This beautiful but terrifying new footbridge has a gap in the middle
Cornwall, a coastal county in England known for its rugged moorland and beachfront vistas, is home to several historic structures. One such building, which dominates the county’s northern landscape, is Tintagel Castle—a legendary medieval fortification that has long enjoyed associations with King Arthur. In the 19th century, the castle became a tourist destination, albeit a risky one. The ruins, which are maintained by English Heritage, the U.K. charity designed to care for the country’s castles, are notoriously difficult to navigate. In fact, “Tintagel” means “fortress of the narrow entrance” in Cornish. Over the centuries, visitors have had to climb 148 perilously steep steps to access the grounds . . . until now. A new footbridge, the design of which sparked a polarizing debate in the U.K. when it was announced in 2016, has finally opened.

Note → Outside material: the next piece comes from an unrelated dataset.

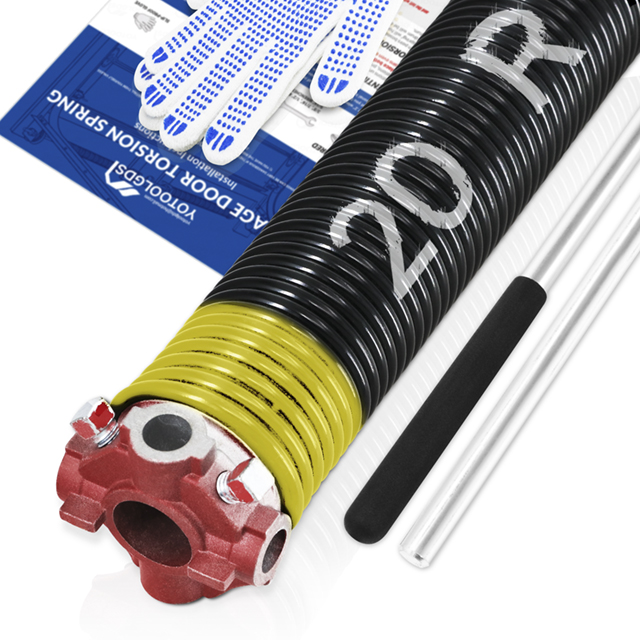 0.207*2*20"-R Single Garage Door Torsion Spring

This ambitious bridge serves to replace Tintagel Castle’s “lost crossing,” which once connected the two halves of the 13th-century estate. Codesigned by Ney & Partners, a Belgian structural engineering firm, and architect William Matthews, the new footbridge stretches 223 feet, and its surface is comprised of 40,000 slate tiles, which were sourced locally, according to the Guardian. In total, the project cost over $6 million.
While the footbridge is technically complete, a piece of it is missing by design. At the center, there’s a 4 centimeter—or about 1.6 inch—gap, a curious choice given the fact that the bridge lives directly over a choppy section of the Celtic sea. But the designers claim this skip in the structure (which is purely for aesthetic effect) is completely safe. The gap will increase ever so slightly in the cold, and decrease when it’s warmer out. “For it to almost close it would have to be [122 degrees Fahrenheit] for two weeks,” Matthews told the Guardian. “We have designed for extreme temperatures.”
The project has endured a rocky three years, thanks to fans and detractors of the bridge’s construction alike. Some citizens are afraid that the footbridge will commodify the culturally important ruins and attract even more tourists than the 250,000 per year who already visit. But others are embracing the controversial footbridge, as it will address the main issue plaguing the heritage site: safe (and easy) access. Visitors reportedly spend 45 minutes scaling the narrow staircase from one side of the castle to the other, which is equal parts annoying and dangerous.
This structurally complex footbridge is due to open on August 18, having been pushed back significantly; Tintagel Castle was closed in October 2018 in the hopes of having the bridge ready for the public in the spring of this year. In true British fashion, visitors are encouraged to mind the gap.